BARCELONA, Spain – Nearly 10 years ago, former UK Prime Minister David Cameron commissioned economist Lord Jim O'Neill to compile a report on the rapidly growing global threat of antibiotic resistance.

Jointly sponsored by the UK government and the Wellcome Trust, that report was published in May 2016. Among its several main findings and recommendations, which have since been widely disseminated, was a call to promote new, rapid diagnostic tests to reduce the unnecessary use of antibiotics.

At the European Society of Clinical Microbiology and Infectious Diseases global congress (ESCMID Global) held here this week, O'Neill, former commercial secretary of the UK Treasury and chief economist for Goldman Sachs, joined clinicians and scientists to discuss progress made since the report and review remaining challenges as part of a symposium sponsored by Marcy l'Étoile, France-based international diagnostics firm BioMérieux.

O'Neill's report at the time estimated that approximately 700,000 deaths annually worldwide could be attributed to antimicrobial resistance, and predicted that number could balloon to 10 million people per year by 2050 if no coordinated actions were taken to mitigate the problem.

The good news, O'Neill noted at the symposium, is that there have been signs of progress — some of it related to public policy, and some of it not. For instance, he said, in a phenomenon he and his colleagues have referred to as the "Shake Shack effect," some antibiotic resistance overuse, particularly in the US, has been curbed by the growing desire by consumers to avoid factory-farmed meats.
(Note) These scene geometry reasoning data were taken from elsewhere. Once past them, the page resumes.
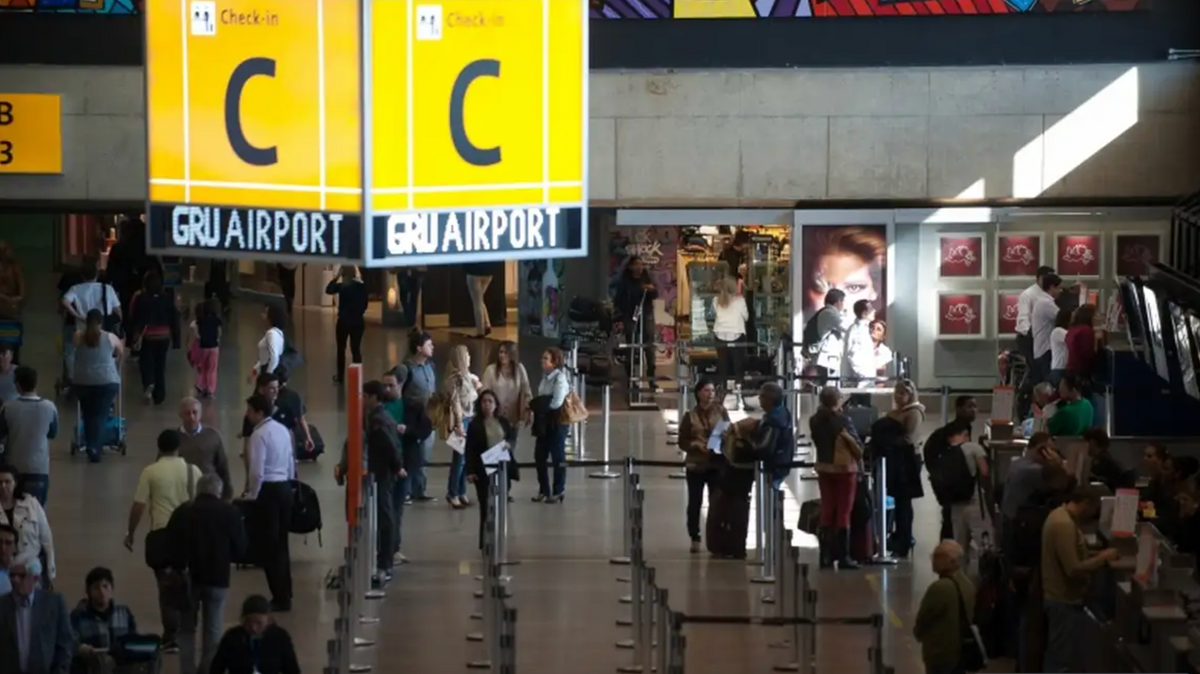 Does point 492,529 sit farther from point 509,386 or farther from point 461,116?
point 509,386

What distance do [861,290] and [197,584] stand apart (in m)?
14.5

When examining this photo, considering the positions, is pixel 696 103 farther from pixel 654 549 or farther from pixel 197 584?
pixel 197 584

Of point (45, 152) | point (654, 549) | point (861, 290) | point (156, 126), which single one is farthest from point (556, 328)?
point (156, 126)

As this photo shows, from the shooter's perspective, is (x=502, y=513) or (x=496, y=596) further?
(x=502, y=513)

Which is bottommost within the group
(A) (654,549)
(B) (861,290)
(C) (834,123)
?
(A) (654,549)

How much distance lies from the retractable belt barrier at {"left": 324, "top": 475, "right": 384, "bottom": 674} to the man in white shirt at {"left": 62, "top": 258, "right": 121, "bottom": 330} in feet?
25.8

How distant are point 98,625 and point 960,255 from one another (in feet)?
52.9

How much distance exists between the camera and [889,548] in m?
19.7

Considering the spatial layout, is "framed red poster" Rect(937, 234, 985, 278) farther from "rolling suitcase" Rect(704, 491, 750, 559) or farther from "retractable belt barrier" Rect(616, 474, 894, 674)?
"retractable belt barrier" Rect(616, 474, 894, 674)

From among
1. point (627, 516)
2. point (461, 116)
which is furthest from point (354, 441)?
point (461, 116)

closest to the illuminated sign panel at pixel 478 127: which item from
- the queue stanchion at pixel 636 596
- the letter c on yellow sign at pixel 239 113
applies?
the letter c on yellow sign at pixel 239 113

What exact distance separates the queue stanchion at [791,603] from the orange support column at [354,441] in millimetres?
3057

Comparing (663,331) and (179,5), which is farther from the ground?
(179,5)

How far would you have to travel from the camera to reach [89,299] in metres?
25.6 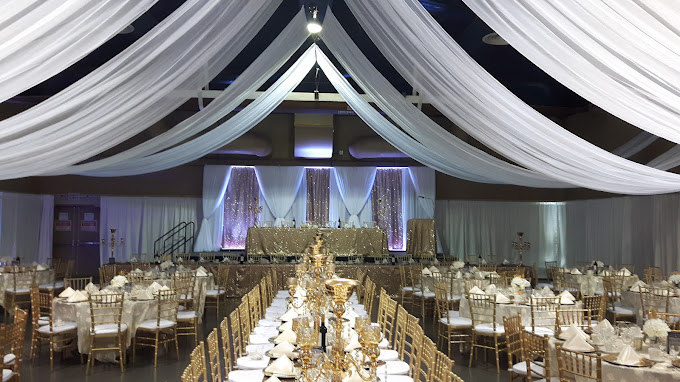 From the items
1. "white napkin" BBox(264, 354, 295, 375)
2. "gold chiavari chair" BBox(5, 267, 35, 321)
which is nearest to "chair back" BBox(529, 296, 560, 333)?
"white napkin" BBox(264, 354, 295, 375)

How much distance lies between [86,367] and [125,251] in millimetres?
11815

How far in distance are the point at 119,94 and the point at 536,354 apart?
4743 millimetres

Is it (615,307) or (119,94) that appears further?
(615,307)

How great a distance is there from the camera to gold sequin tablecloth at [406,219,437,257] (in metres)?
17.7

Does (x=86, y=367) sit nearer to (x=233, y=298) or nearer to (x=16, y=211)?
(x=233, y=298)

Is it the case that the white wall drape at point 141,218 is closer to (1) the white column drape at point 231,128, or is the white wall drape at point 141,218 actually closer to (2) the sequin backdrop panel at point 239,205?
(2) the sequin backdrop panel at point 239,205

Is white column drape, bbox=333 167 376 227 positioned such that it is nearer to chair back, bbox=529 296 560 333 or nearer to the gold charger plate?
chair back, bbox=529 296 560 333

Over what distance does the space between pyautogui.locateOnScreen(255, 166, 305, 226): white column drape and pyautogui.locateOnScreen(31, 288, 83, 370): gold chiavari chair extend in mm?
11637

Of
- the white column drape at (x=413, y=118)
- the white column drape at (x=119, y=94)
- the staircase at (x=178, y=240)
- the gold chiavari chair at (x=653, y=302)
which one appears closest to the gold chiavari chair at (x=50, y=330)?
the white column drape at (x=119, y=94)

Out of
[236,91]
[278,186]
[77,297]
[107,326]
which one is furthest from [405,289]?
[278,186]

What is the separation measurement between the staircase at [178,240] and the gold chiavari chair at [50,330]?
424 inches

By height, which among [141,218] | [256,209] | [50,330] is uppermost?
[256,209]

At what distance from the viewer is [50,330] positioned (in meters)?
7.59

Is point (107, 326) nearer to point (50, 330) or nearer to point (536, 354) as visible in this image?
point (50, 330) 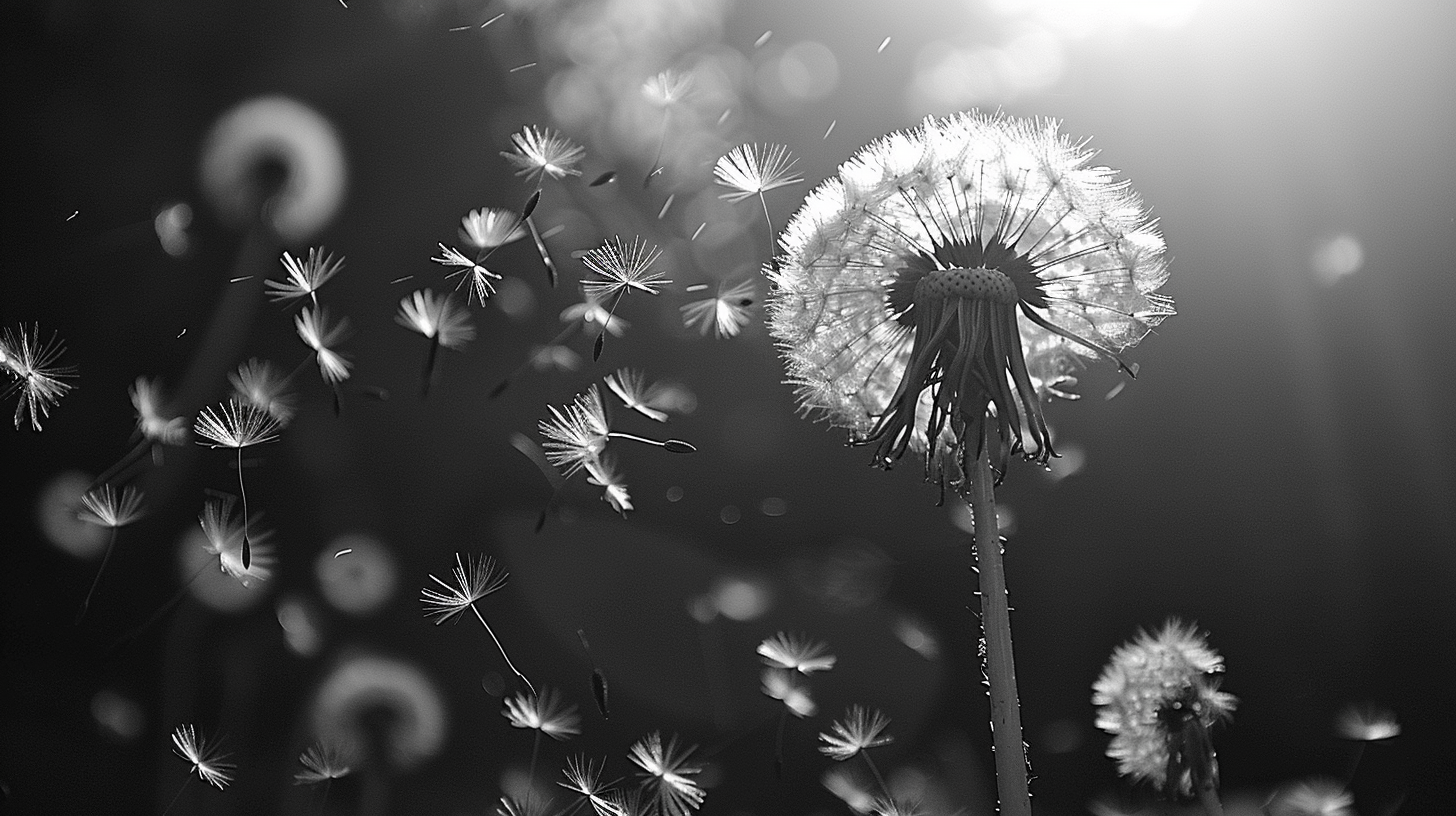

In addition, the United Nations General Assembly plans to hold a high-level meeting on AMR this September, which should serve to retrain the spotlight on the issue. Nevertheless, O'Neill noted, the topic is not in the news cycle nearly enough. "Antimicrobial resistance needs its own Greta Thunberg or, when it comes to new antibiotics or drugs, its own Elon Musk," he said, noting that the issue needs more attention in order to pressure policymakers to initiate change.

His specific message to the symposium attendees, however, was that their work in researching, developing, and promoting the use of new, rapid diagnostic technologies remained imperative.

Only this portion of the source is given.